Demokrasi stagnan karena cenderung terperangkap ke dalam demokrasi elektoral yang hanya mementingkan prosedural.

Beberapa faktor yang disinyalir menjadi mandeknya sistem demokrasi setelah tumbangnya orde baru di antaranya adalah warisan kolonial dan rezim yang otoriter.

Beberapa hal lainnya yakni eksploitasi ekonomi dari segelintir kekuatan kapitalis, pola dan setting transisi demokrasi tidak menjanjikan termasuk kegagalan konsolidasi kekuatan politik sipil.

Reformasi institusi cenderung inkonsisten dan tidak koheren serta tambal sulam dan ambigu.

Syamsudin juga menambahkan meski seelah 1998 rakyat seolah lebih berdaulat, namun mereka cenderung bertindak sebagai sebagai massa dibanding warga negara. Ini memicu kedaulatan rakyat lebih tampak di jalanan ketimbang di dalam sidang DPR dan DPRD.

“Seperti pada era Soeharto, rakyat masih diperlakukan sebagai ‘massa mengambang’ yang didekati dan diimingi harapan menjelang pemilu dan pilkada, yang masa depannya dicampakkan para elite setelah pesta demokrasi,” katanya.

Sejatinya ada peluang dan tantangan untuk mewujudkan sebuah demokrasi substansial yang inklusif, dan terkonsolidasi ke depan.

Pertama, secara historis komitmen keindonesiaan yang berpondasikan keberagaman begitu kuat, dan mengalahkan perbedaan berbasis identitas SARA.

“Jangan lupa bangsa ini pernah memiliki pemimpin yang rela hidup miskin dan menderita demi bangsanya,” kata Syamsudin.
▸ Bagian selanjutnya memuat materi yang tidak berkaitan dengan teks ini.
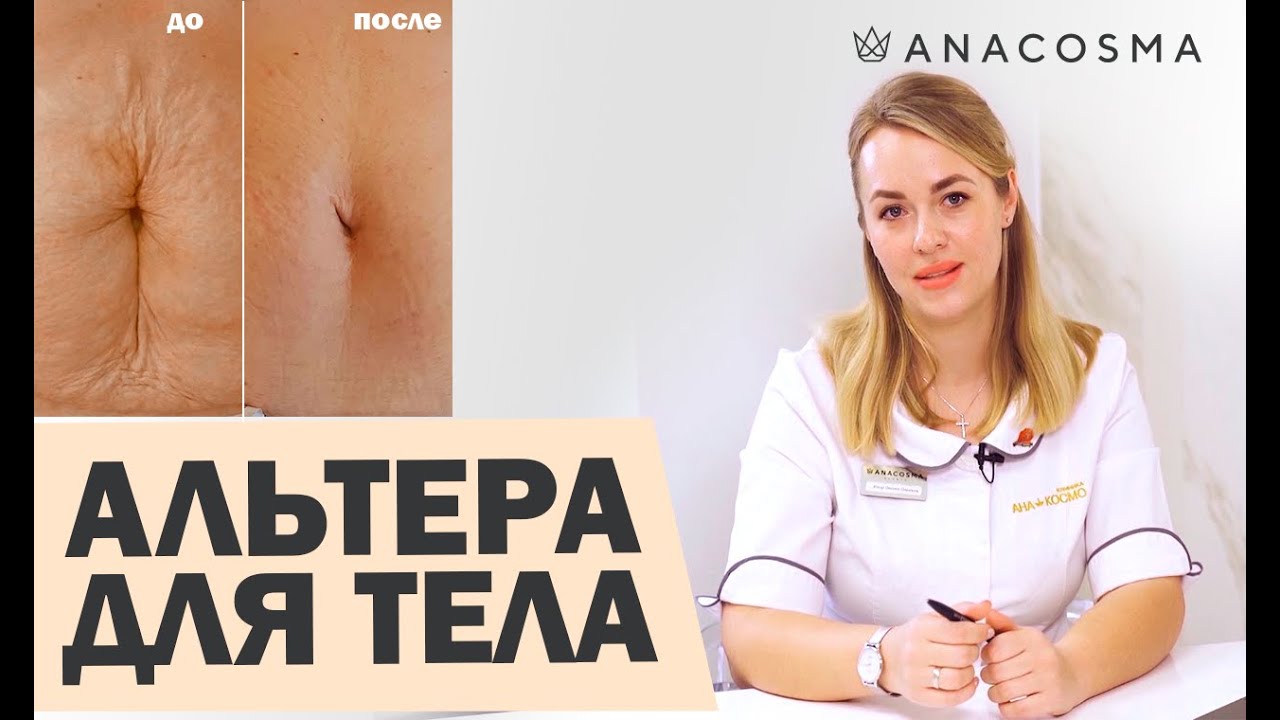 СМАС лифтинг Альтера для ТЕЛА 🔥 Убрать дряблый живот, руки, колени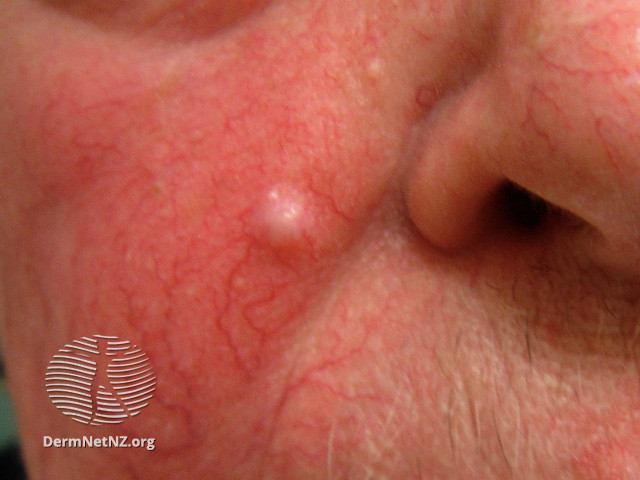 File:Basal cell carcinoma affecting the face (DermNet NZ lesions-bcc-face-1098).jpg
Dengan kata lain, para pemimpin bangsa di masa lalu pernah menjadikan partai, parlemen dan jabatan pemerintahan sebagai wadah mengabdi bagi bangsa, bukan sekadar tempat mengambil keuntungan pribadi seperti sekarang.

Kedua, secara komperatif indeks demokrasi Indonesia cukup baik tidak hanya di Asia Tenggara namun juga di tingkat global.

“Tingkat ketahanan demokrasi Indonesia cukup baik, tingkat kepercayaan terhadap sistem pemerintahan demokrasi juga relatif menjanjikan,” kata dia.

Ketiga, secara global, pada tahun 2016 tingkat kepercayaan publik terhadap pemerintah dalam negeri adalah tertinggi di dunia.

Modal kepercayaan publik, mesti dikelola secara cerdas sehingga kepercayaan masyarakat bisa mendorong percepatan pembangunan di semua bidang dan pada akhirnya berkontribusi bagi peningkatan kualitas keadilan dan kesejahteraan.

Keempat, Indonesia memiliki elemen masyarakat sipil yang relatif otonom terhadap negara sehingga berkontribusi dalam mendorong, memperjuangkan dan mengawal demokrasi. [CHA/TGU]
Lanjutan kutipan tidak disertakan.